Exercise aim. From the line with "Create a beautiful" to the final line of the data below, please write out every line exactly, with no pictures.

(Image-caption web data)
________________
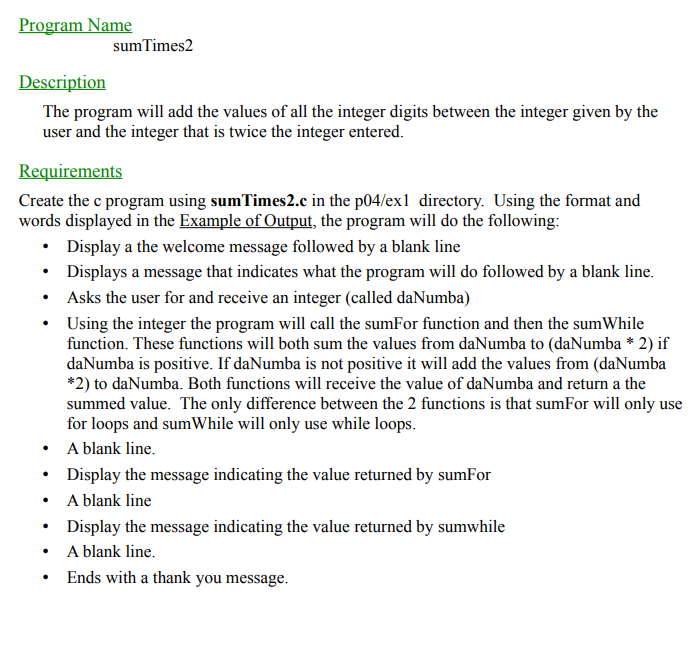 Solved This is a C program. Please make the output of the | Chegg.com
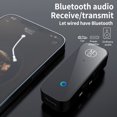 thumbnail image 4 of Methold Receptor de Audio para coche inalámbrico 3 en 1, compatible con Bluetooth, V5.1, transmisor Jack de 3,5mm, manos libres, portátil, Cables de audio/vídeo, 4 of 6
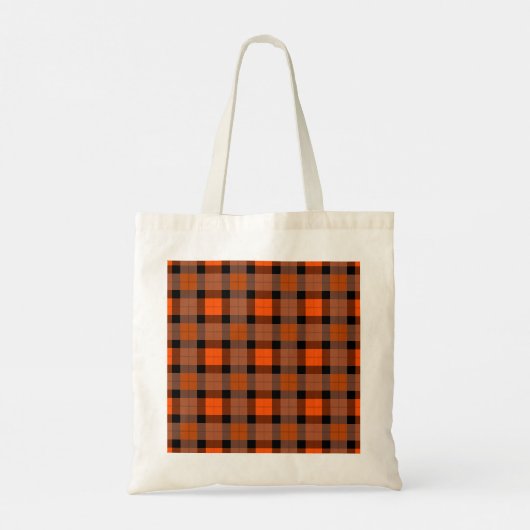 Halloween Plaid Trick or treat Tote Bag (Achterkant)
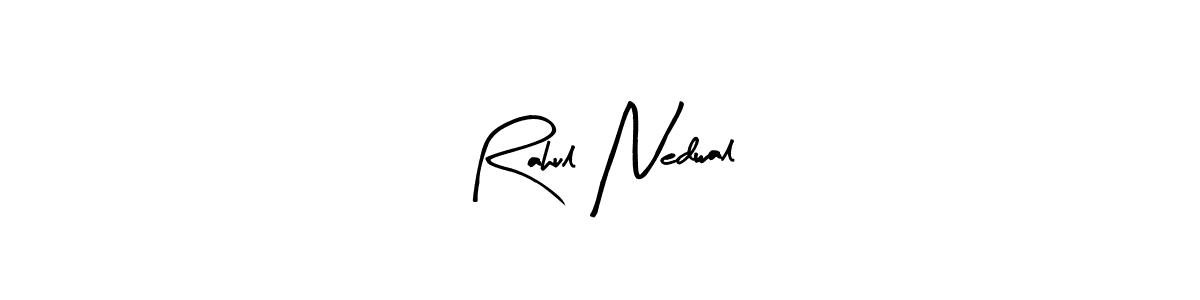 Create a beautiful signature design for name Rahul Nedwal. With this signature (Arty Signature) fonts, you can make a handwritten signature for free. Rahul Nedwal signature style 8 images and pictures png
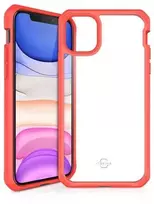 Dėklas ITSKINS APXI-HYBSO-PCTR, Rėmelis, Apple, iPhone 16e, 15,5 cm (6,1"), Raudonas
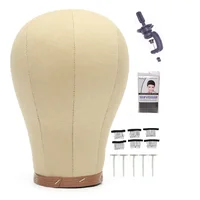 

Professional cork canvas block head mannequin for wig making and styling,canvas wig head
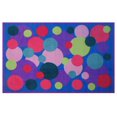thumbnail image 1 of Tapis rectangle amusant pour enfant Éclats de bulle multicolore nylon, 1 of 2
________________
Result for this exercise.
 Create a beautiful signature design for name Rahul Nedwal. With this signature (Arty Signature) fonts, you can make a handwritten signature for free. Rahul Nedwal signature style 8 images and pictures png
 Dėklas ITSKINS APXI-HYBSO-PCTR, Rėmelis, Apple, iPhone 16e, 15,5 cm (6,1"), Raudonas

Professional cork canvas block head mannequin for wig making and styling,canvas wig head
thumbnail image 1 of Tapis rectangle amusant pour enfant Éclats de bulle multicolore nylon, 1 of 2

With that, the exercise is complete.